We rely on our storage devices for access to our most important documents. In this video, you’ll learn how RAID can be used to maintain the uptime and availability of our data when a drive fails.
It’s not uncommon to use hard drives to store large amounts of information. Terabytes upon terabytes of your data can be stored on the single spinning drive. And of course, because there are moving parts inside of these drives, they will eventually fail. Fortunately, there are things you can do so that when a drive fails, your data will always remain available. And in this video, we’ll look at how RAID arrays can be configured to provide this type of data redundancy.
As we go through this video, it may seem that RAID would be a very good way to backup your data. But the data in a RAID array is not a copy of your data. It is the data that you are actively retrieving or storing. And because of that, you have to keep in mind that RAID is not a method of backup. It’s simply a way to maintain uptime and availability if one of those drives happens to fail.

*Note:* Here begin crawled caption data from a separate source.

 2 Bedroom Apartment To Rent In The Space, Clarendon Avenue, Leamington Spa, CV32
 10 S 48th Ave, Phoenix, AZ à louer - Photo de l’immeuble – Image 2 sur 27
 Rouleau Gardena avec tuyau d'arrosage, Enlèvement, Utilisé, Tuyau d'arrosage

The term RAID is an acronym for Redundant Array of independent Disks. Earlier versions of this acronym used the word Inexpensive Disks instead of Independent, but it’s effectively the same idea. We can use multiple storage drives in a system that work together to maintain this uptime and availability. There are different types of RAID. We refer to these different types as different RAID levels. And although the name is Redundant Array of Independent Disks, there are some RAID levels that do not provide redundancy. So you have to be very careful when you’re initially setting up your RAID array that you’re choosing the right RAID level.

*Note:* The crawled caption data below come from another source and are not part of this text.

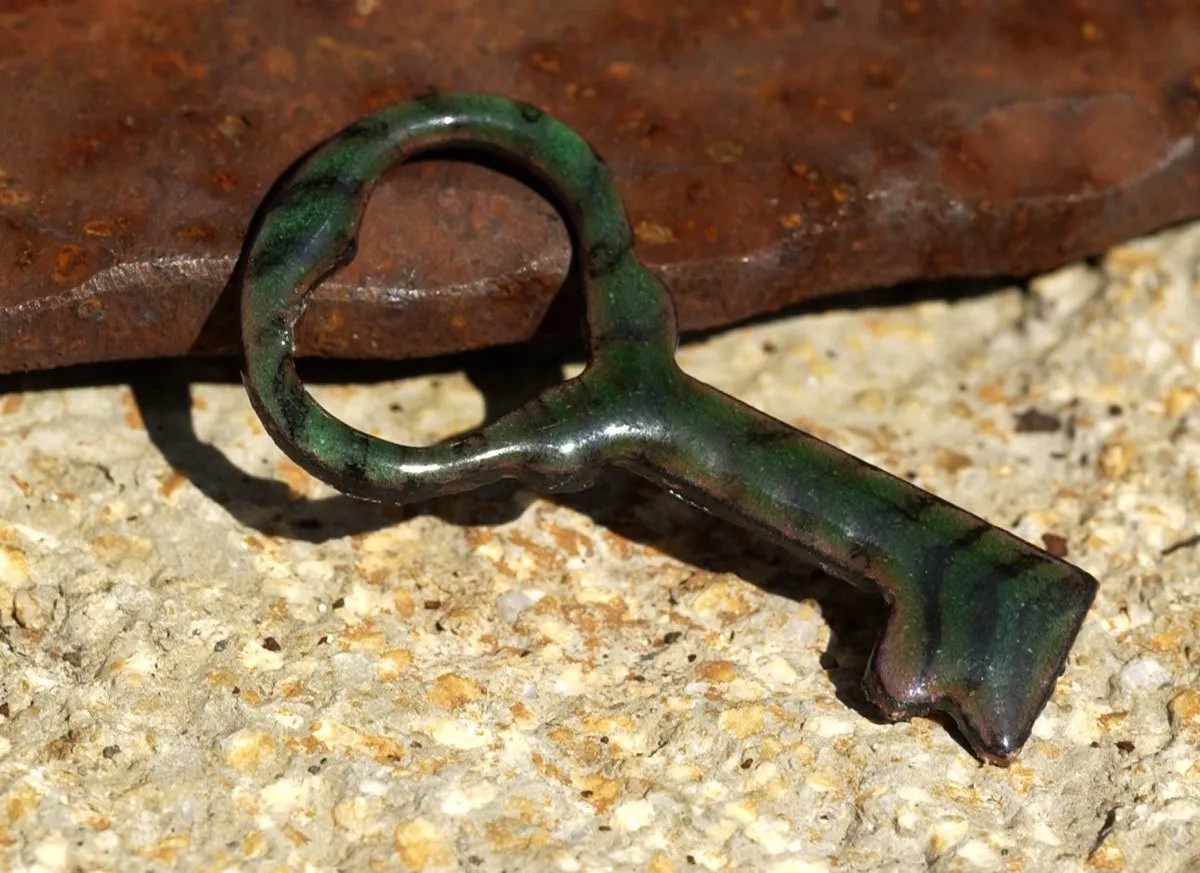 Smooth Key Large 50mm x 20mm Cutout key pendant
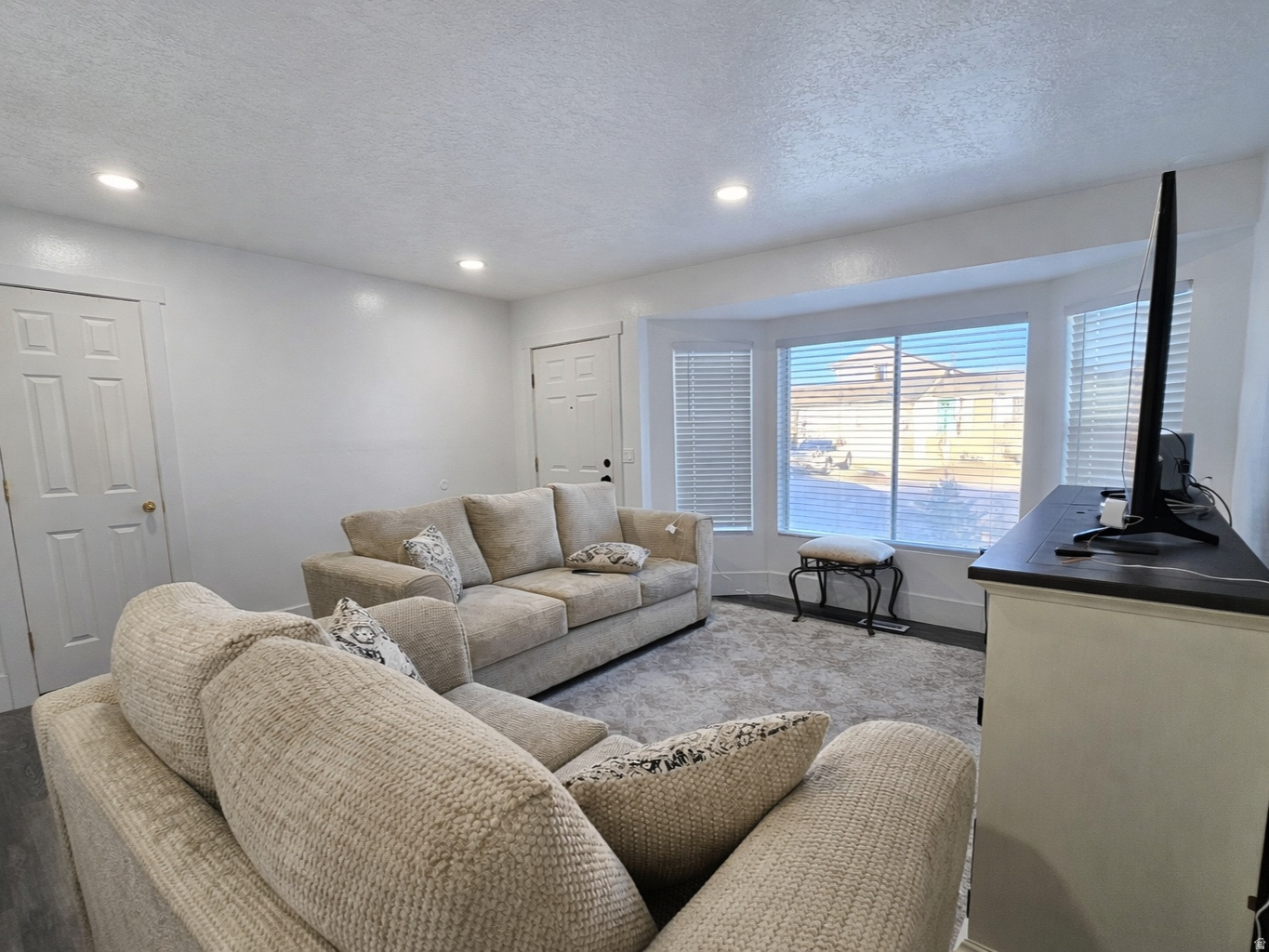 BLOOMINGTON ACRES - Residential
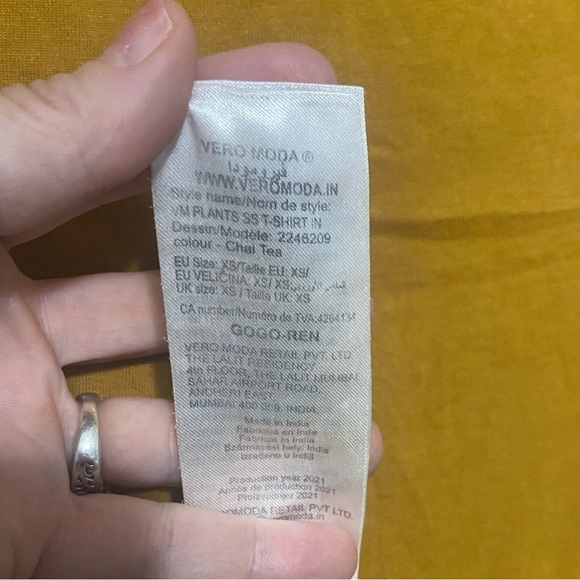 Vero Moda women's XS mustard yellow baby graphic tee cotton/modal blend EUC - Picture 4 of 7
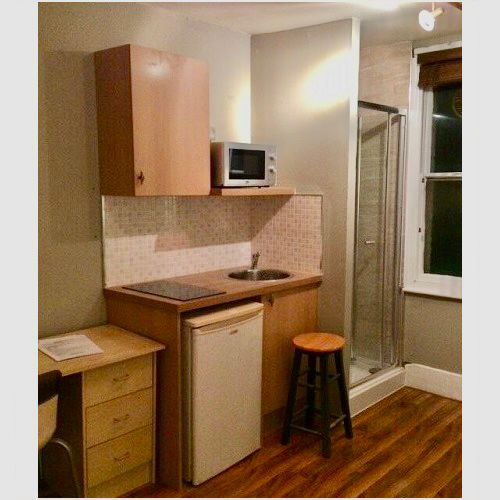 Room Claverton Street in City of Westminster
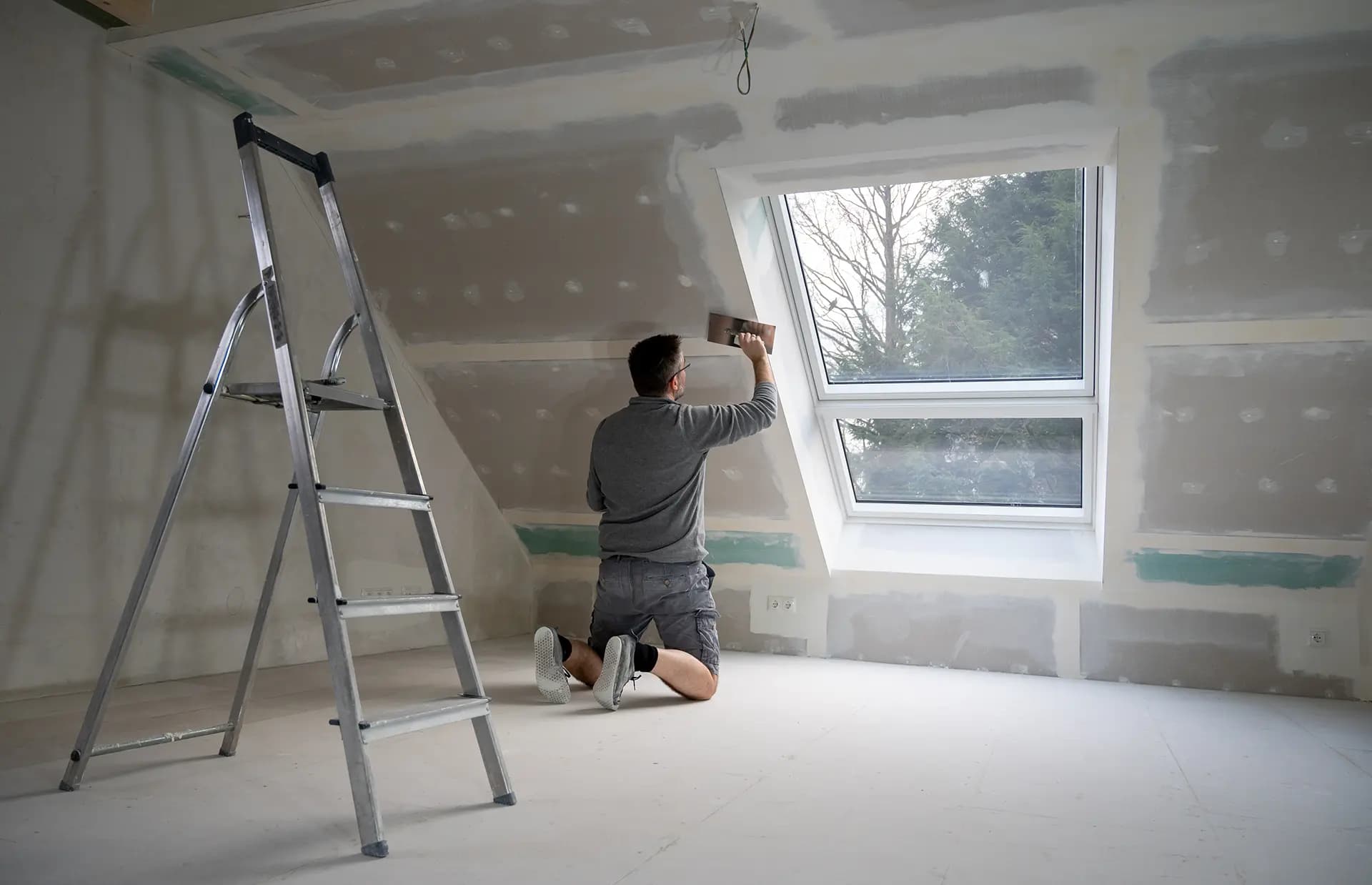 Rénovation sous les toits d'une maison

Let’s step through each one of these RAID levels to see how they might be used. And we’ll start with RAID 0 or striping. We refer to this as striping because we have at least two drives in a RAID 0 array. And instead of writing everything to one drive or everything to the other drive, we take all of our data and we split it evenly between these two drives.
So let’s take the example of a file that exists on eight different blocks. And we have a disk 0 and a disk one. That single file will be split evenly between these two disks. So block one is on disk 0. Block 2 is on disk 1. Block 3 is back to disk 0. Block 4 is on disk 1. So you can see that distributing this across multiple drives provides a performance increase because we only have to write or read half of the data if we have two separate drives.
But one of the problems with this is that if we lose one of these drives, none of this data will now be available because you’ve effectively lost half of the data that you’ve stored. You should always think that RAID 0 is the same as having 0 redundancy.
RAID 1 looks very similar to RAID 0 in its structure. You can see there is a disk 0 and a disk 1. But with RAID 1, we are duplicating data between both of these drives. So each drive effectively is a mirror image of the other. That’s why we refer to RAID 1 as mirroring. You can obviously see in this scenario that we are using twice as much drive space than we would use with RAID 0.
Because we are duplicating every single drive, we will effectively need twice as much storage to be able to store this same amount of information. But on the plus side, if we lose either of these physical disks, our data remains available because we have an exact duplicate of the data on the other disk. It’s not uncommon when working with a RAID array that you would lose a drive and not even realize it until you receive an alert or message that the drive is failed.
Instead of duplicating every bit of data that you’re storing on these drives, there is a more efficient method. That method is RAID 5, which we call striping with parity. This is the same as RAID 0, where we take all of the information that we’re storing and we put pieces of that data across different drives. But unlike RAID 0, which of course, has 0 redundancy we have an additional drive where we store some parity information. That parity information allows us to rebuild this data if we happen to lose any of these physical drives.
This is a much more efficient use of drive space because you have all of the data being spread across drives and then on one additional drive some parity information. So if you’re storing this on four separate drives, three of those drives can be used for data and one of those drives can be used for parity. As you can see from our example, we also distribute the parity to different drives, which helps during the recovery process. And that recovery process is important when a single drive fails in that RAID 5 array.
It may seem that losing a single drive will also cause some of our data to be lost. And although that’s true, we’re able to rebuild this data in real time by taking advantage of the parity information that we stored separately. Having to recalculate this data in real time based on the parity that’s left over could cause a performance hit because there are CPU cycles required to do that. But with the proper processing on the RAID controller or the proper CPU inside of your system, you may not even see that a performance issue is occurring.
And the last RAID type we’ll look at is RAID 10. Some people refer to this as RAID 1 plus 0 or a stripe of mirrors. Let’s go back to that original RAID 0 configuration. And in this example, we have RAID 0 with three separate physical drives. And you can see that we are evenly distributing our files across all three of those individual drives. As with RAID 0, if we lose any one of these physical drives, then all of our data is inaccessible.
So with RAID 1 plus 0, we add on the RAID 1 part or the mirroring aspect and we start mirroring all of our RAID 0 arrays. So now we’re still storing three separate stripes of data, but instead of only having one copy of that stripe, we are mirroring each of those stripes of data. That way if we lose any one of these drives, we’re still up and running because we have an exact duplicate of that stripe. And in our example, we could even lose three separate drives and still have access to all of our data as long as the three drives that we’re losing are part of the single pairs in each individual RAID 1 mirror.